India’s power problems are public knowledge. Nearly 300 million people in India have limited or no access to electricity, according to the World Bank. .President Pranab Mukherjee promised round-the-clock power for all by 2022.
The challenge is working with state-run electricity systems overseen by India’s national government and its 29 state governments. Largely confirmed over a beer in a beach café on Kovalam Beach by local explaining modern Indian politics, India is a fragmented country with powerful state governments and 20 officially recognized languages making getting things done impossible.

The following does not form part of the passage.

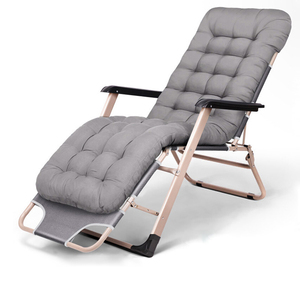 Chaise longue de camping <span class=keywords><strong>pliable</strong></span> et réglable pour l'extérieur, zéro gravité, avec pare-soleil et tapis en coton, idéale pour la plage et le bronzage. - Product Image 2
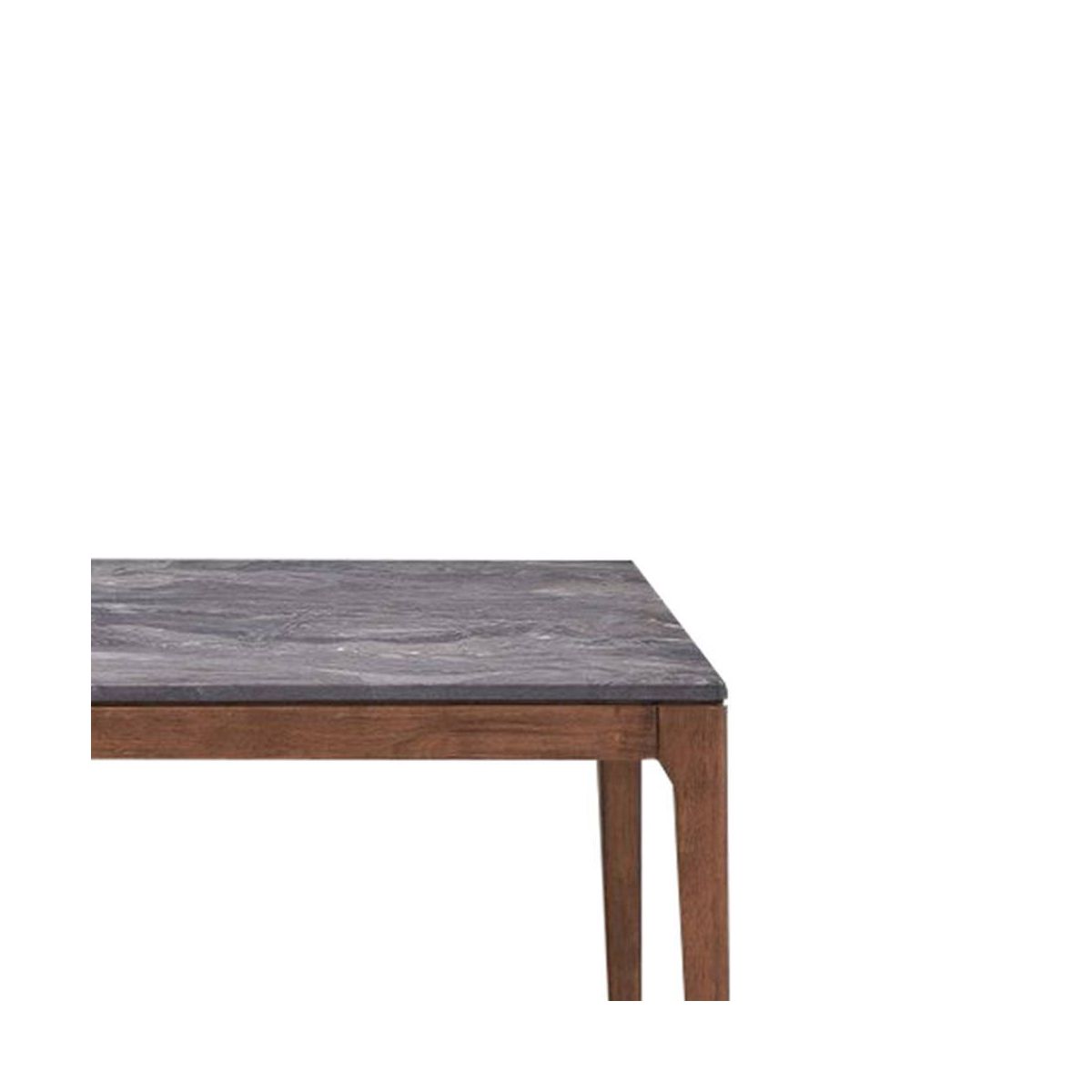 63" Bevis Dining Table Engineered Stone Top Walnut Finish - Acme Furniture - thumbnail 2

One also has to wonder if the sheer number of people national leaders must care for makes them less careful with their lives. What else could explain the news upon our arrival that India had just stuck a deal with Putin to have Russia build four nuclear power plants? This is the same Russian that is sweeping Chernobyl under a radiation blanket.
As we sunned ourselves on beach chairs and sipped fresh coconut milk from real coconuts we watched the locals struggle to serve the tourists needs during daily power outages. We frequented the Café Hard Rock in Goa (no official affiliation) because their generator keep the Wi-Fi humming and the drinks coming despite power outages. The generator was paying off; they were often full while others sat sad-faced under their umbrellas waiting for the power to come on again.
The transportation system is largely offline for foreigners, a term you will often hear from Indians. The outside world is tolerated in tourist ports, but foreigners seem to feel, well foreign to many Indians.
So, while Goa and Kerala provided us with digital nomad friendly prices and some of the most beautiful clean beaches of our world travels, they are best enjoyed without the need for mobile data or Wi-Fi signals. India will just have to be the place digital nomads go to unwind, not to work.